All printing was done on Gilbert Neu Tech twenty-five percent rag, alkaline paper. The final paper version was bound with a one and a half inch binder's margin, using the double fan adhesive method of leaf attachment and a full cloth binding by a local book bindery. Catalogers referred to the bound volume and the project worksheet that contained information on the digital files in creating bibliographic records. The completed volume was then sent to the stacks to replace the original book, which in most cases was withdrawn from the library.
Once a satisfactory facsimile had been produced to replace the original, the final versions of the digital files were transferred to optical disks. During this phase of the project when the jukebox was not available, technicians transferred the digital files to local, removable 5.25" optical disks using a disk drive attached to the scanning workstation. The scanning technicians manually reloaded these disks to retrieve the digital files for subsequent printing and viewing.

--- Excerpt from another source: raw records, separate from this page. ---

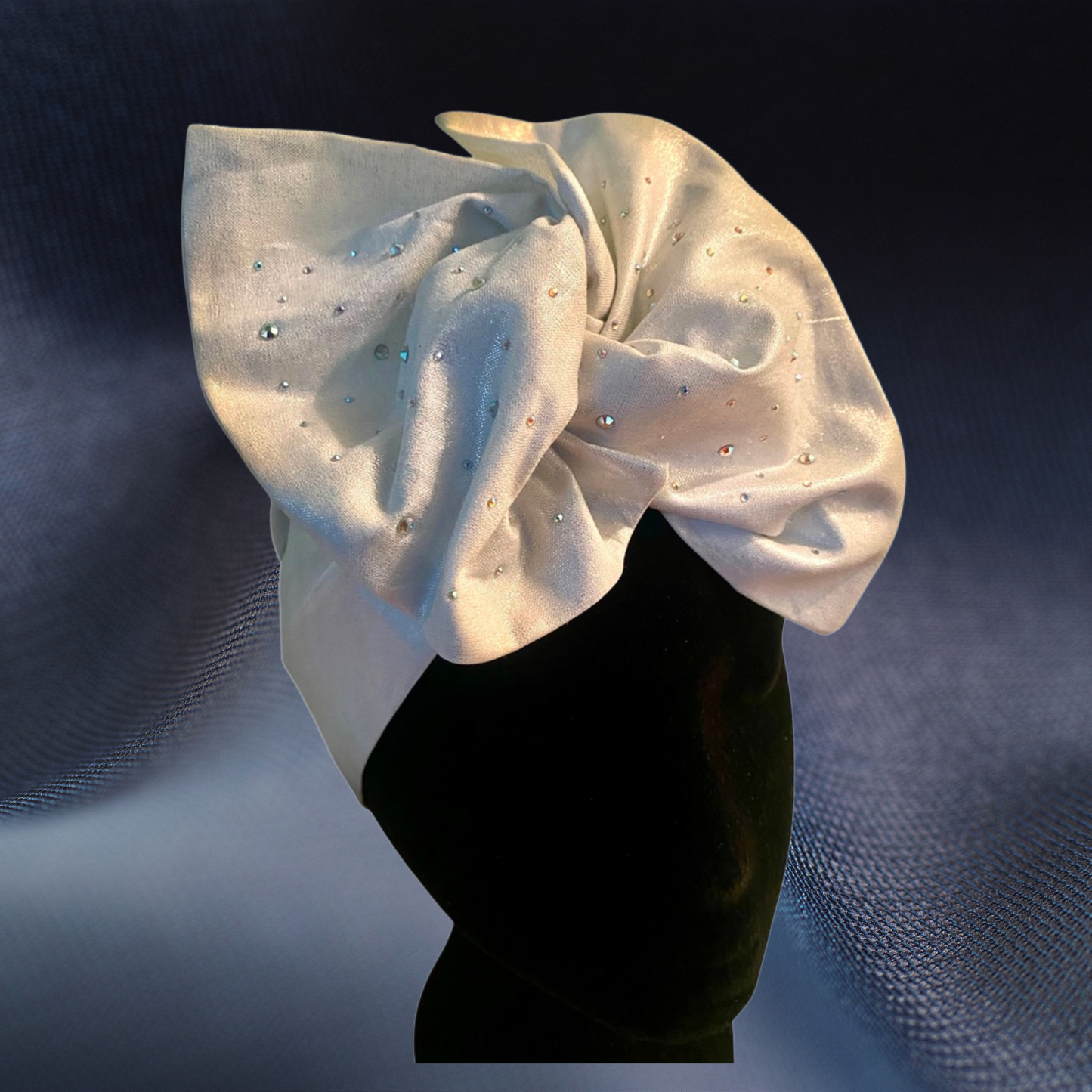 Rhinestone Headwraps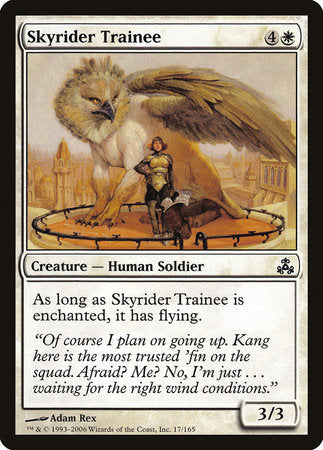Skyrider Trainee [Guildpact]-1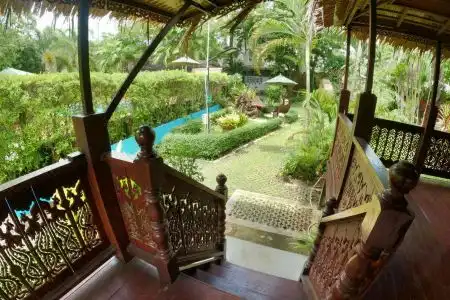 Cozy Garden Resort - 5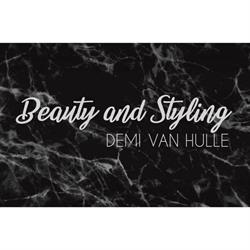 Beauty and styling demi van hulle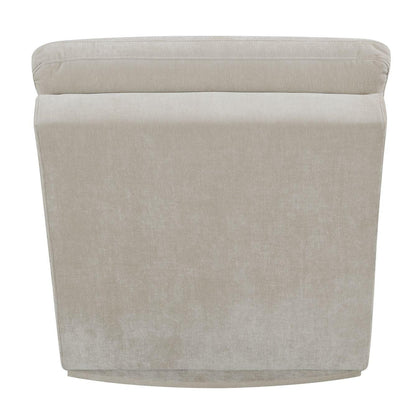  Elements International Dominick UDK1745110E Chaise - Amigo Linen IMAGE 5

As in after-hours printing, copying to optical disk became a background function made possible by a software upgrade.
Once it becomes available, the final versions will be transferred directly to the optical jukebox.

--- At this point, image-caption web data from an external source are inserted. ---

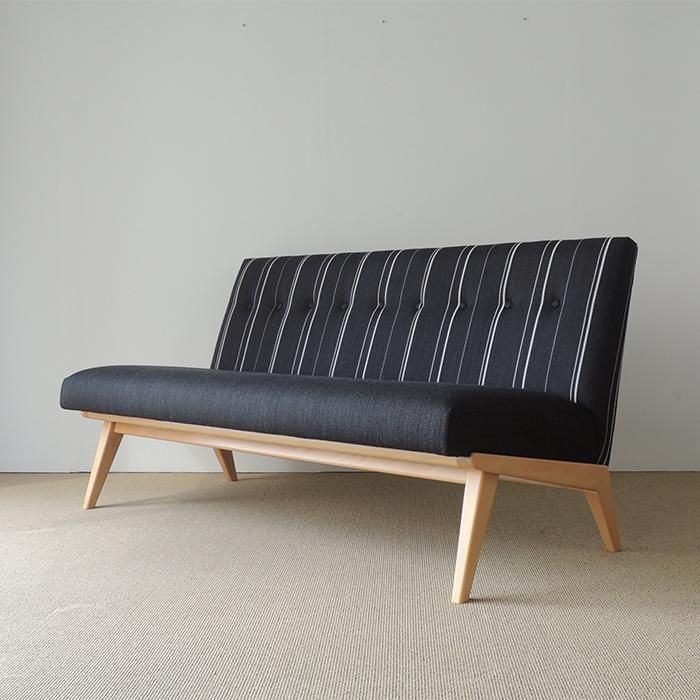 MEISTER | MS2 Sofa, 3seat（MS2 ソファ, 3シート）- MEISTER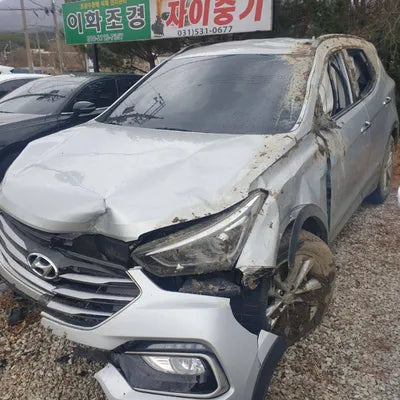 2016 Hyundai Santa FE KMHSW81XBGU610358 VIN:KMHSW81XBGU610358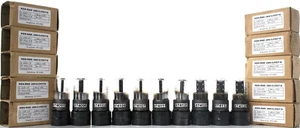 JAN 6J5GT/G VT94D Kenrad NOS Black Base made in U.S.A Amplitrex tested 10 Stück - Bild 1 von 10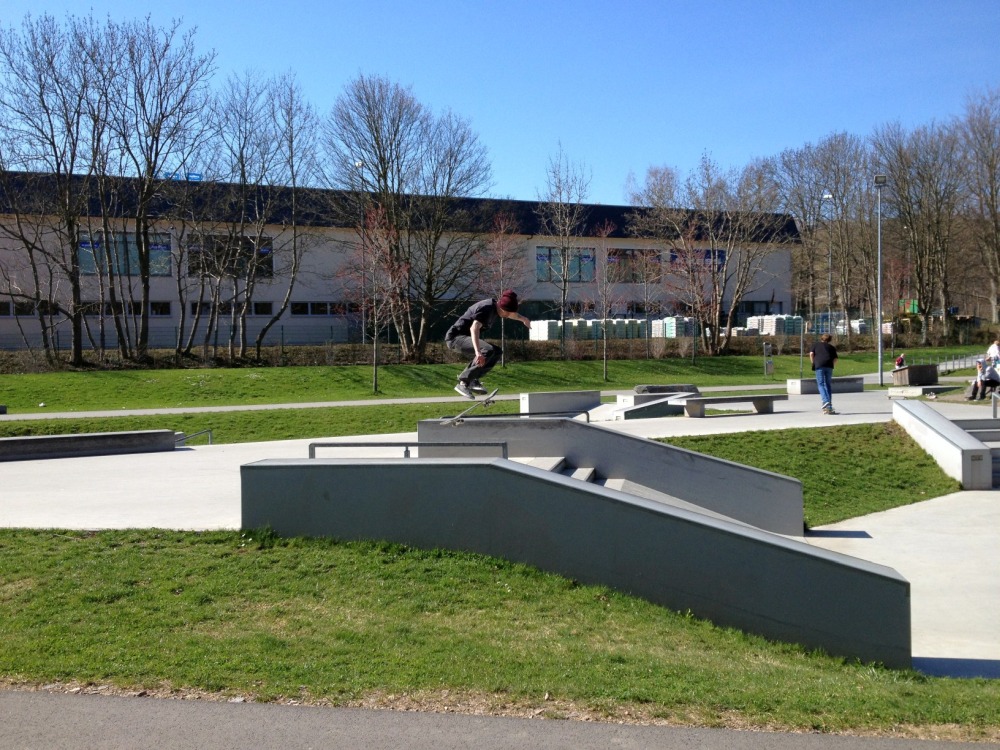 Skater-Park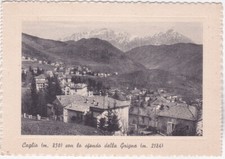 Caglio como sfondo usato  Isola Vicentina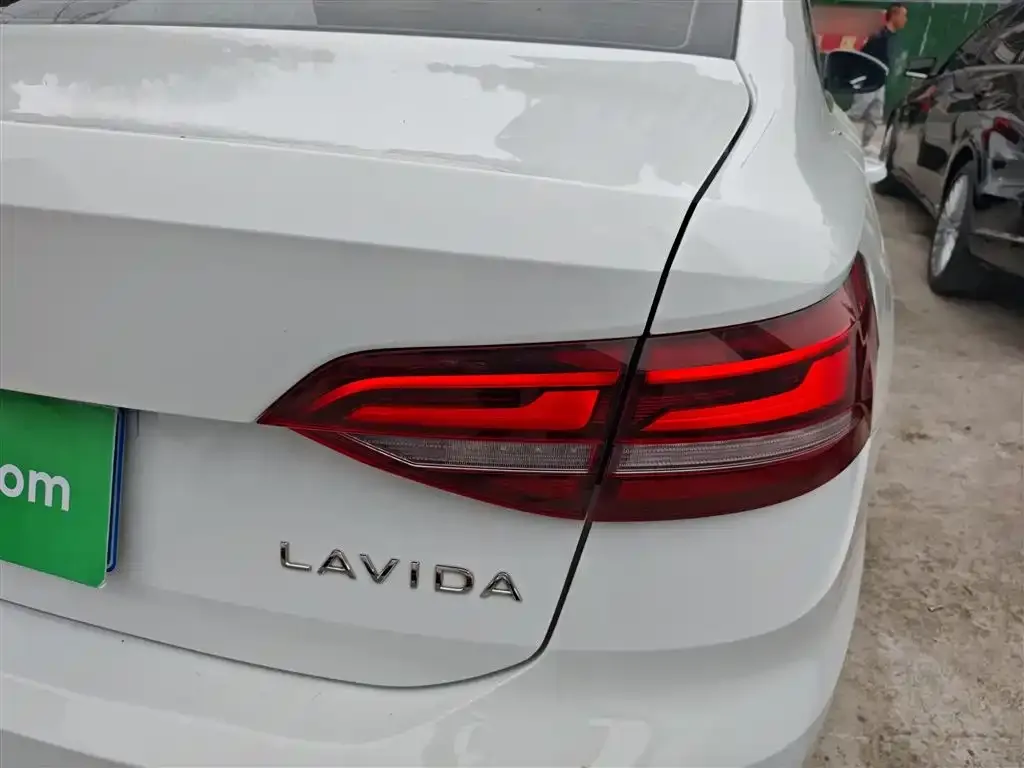 Volkswagen Lavida 2024 из CN, фото 2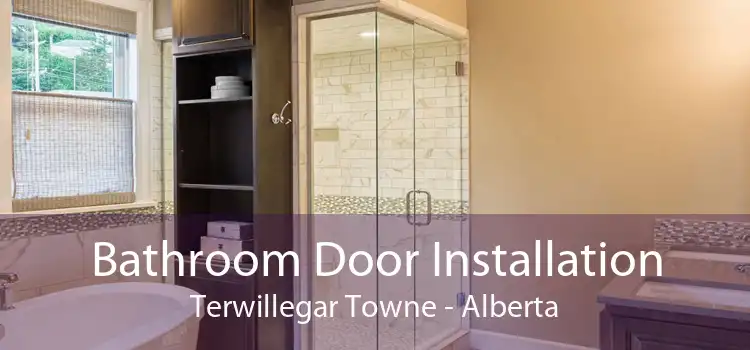 Bathroom Door Installation Terwillegar Towne - Alberta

The networked document imaging system used as the foundation of this project relies on emerging technologies. The obsolescence of formats and software access tools associated with a rapidly changing technology is a concern not only to those prepared to use the technology but to the preservation community as well. Preservation using this medium will therefore entail the recopying on a regular schedule set well below the medium's expected longevity, a process that has become known as "refreshing." Software programs are also becoming available that check the stability of a disk every time it is used.
Our cost study suggests that the costs of refreshing are likely to be offset by space savings as compression and storage capabilities improve. Cornell is committed to a process that will continually "refresh" our digital library so that each volume is copied every four years.[22] Technology refreshing will be done at the University by the Information Technology department rather than the library. To rely on a unit outside the library to maintain actual collections is something of a departure in library practice, although not completely without precedent in that libraries often rely on their information technologies' colleagues to maintain and refresh the on-line catalogs. Costs for this process are included in our cost study. Procedures to assure that this work is done are being developed. The responsibility for ensuring that the digital library will serve the interests of library users in the future depends on an institutional commitment in the present.

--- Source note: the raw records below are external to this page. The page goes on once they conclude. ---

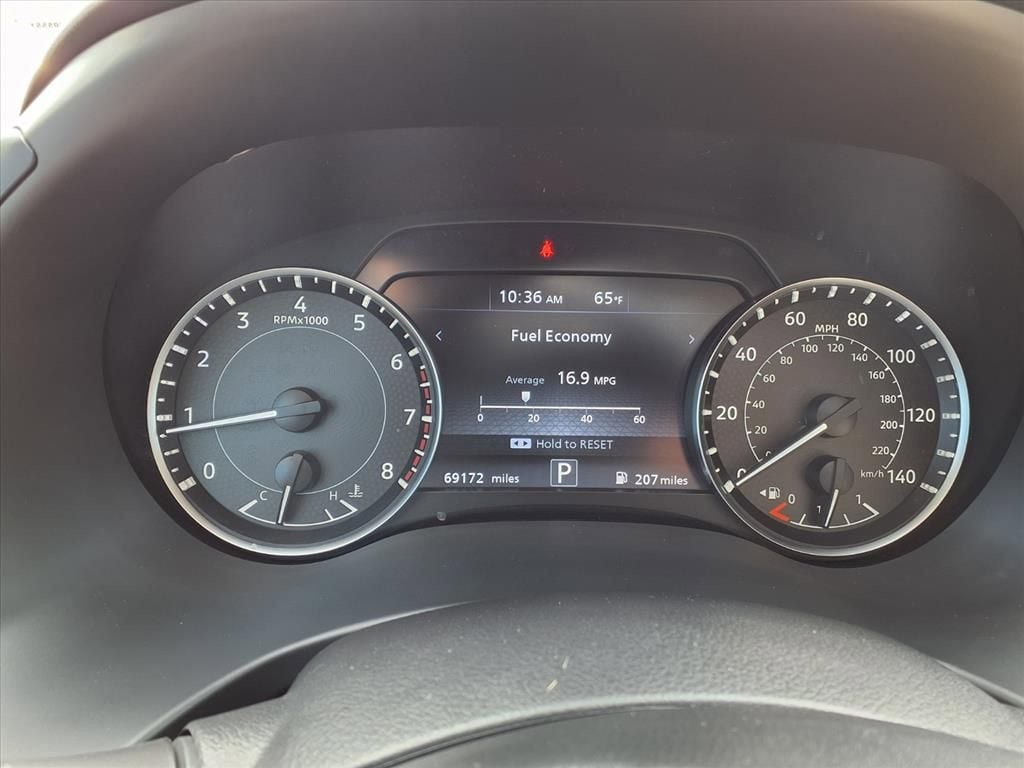 Used 2022 Nissan Armada SL w/ Captain's Chairs Package RWD image 30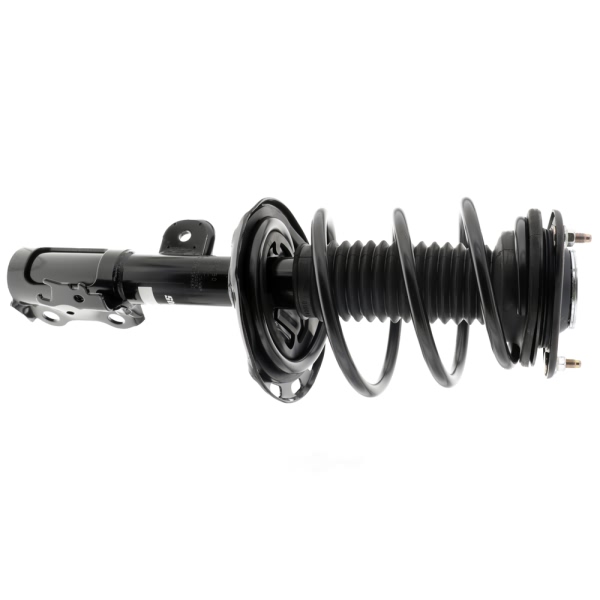 KYB Strut Plus Front Passenger Side Twin Tube Complete Strut Assembly SR4520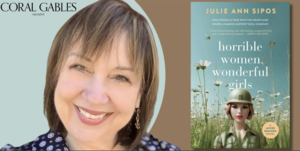 An Evening with Julie Ann Sipos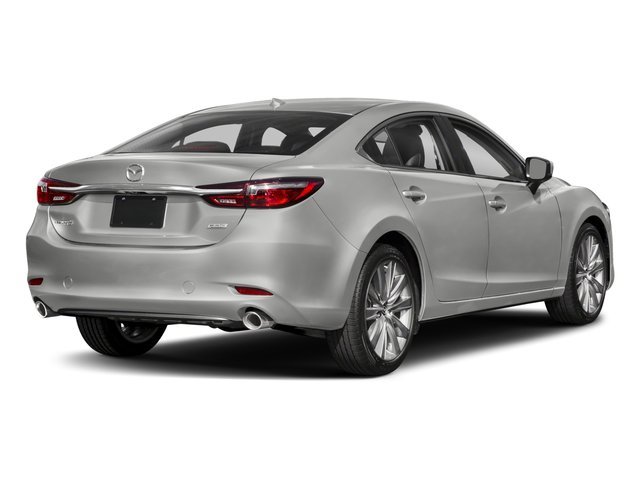Used 2018 Snowflake White Pearl Mica Mazda Grand Touring image 5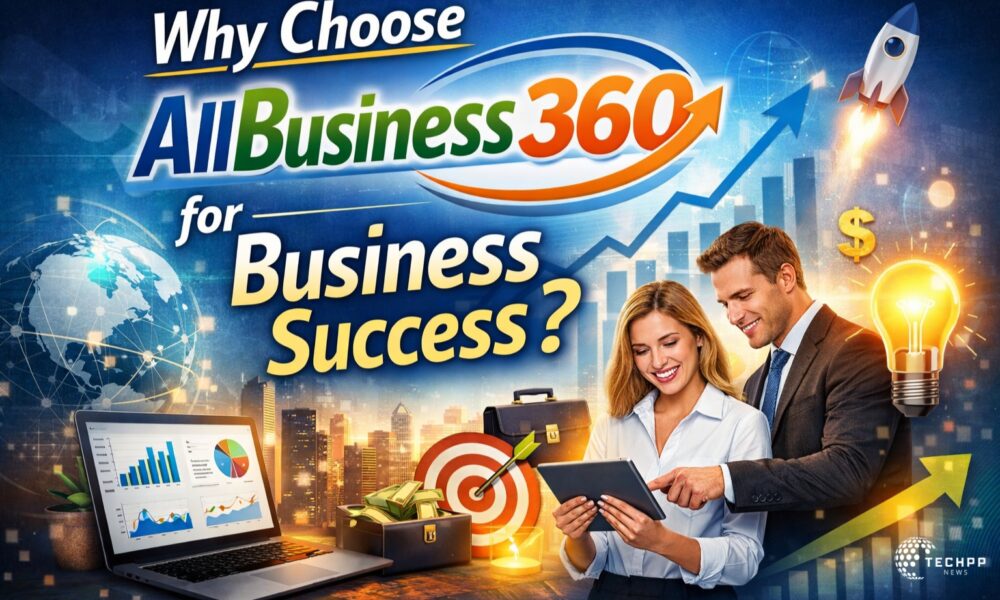 AllBusiness360
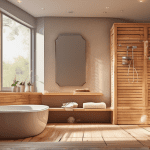 Sauna reinigen mit natürlichen Mitteln – Titelbild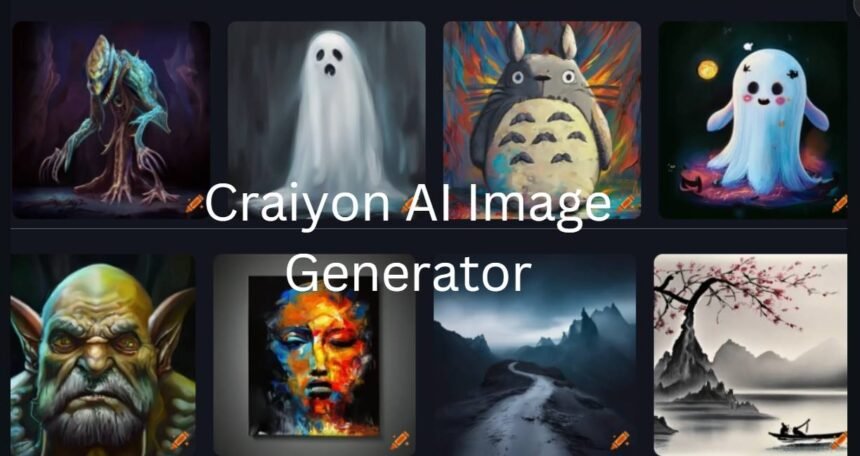 Craiyon AI Image Generator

A program of maintenance also includes regular backup of the digital files, processes familiar to central university information technology organizations. Optical disks can be duplicated on additional optical disks or other electronic media, which can be stored in a separate, climate controlled location. But the backup costs can be high, especially if one must also refresh the additional copies on a regular schedule. Of course, the paper facsimile provides a form of backup. As previously noted, Cornell is also investigating the use for backup of microfilm produced from the digital files.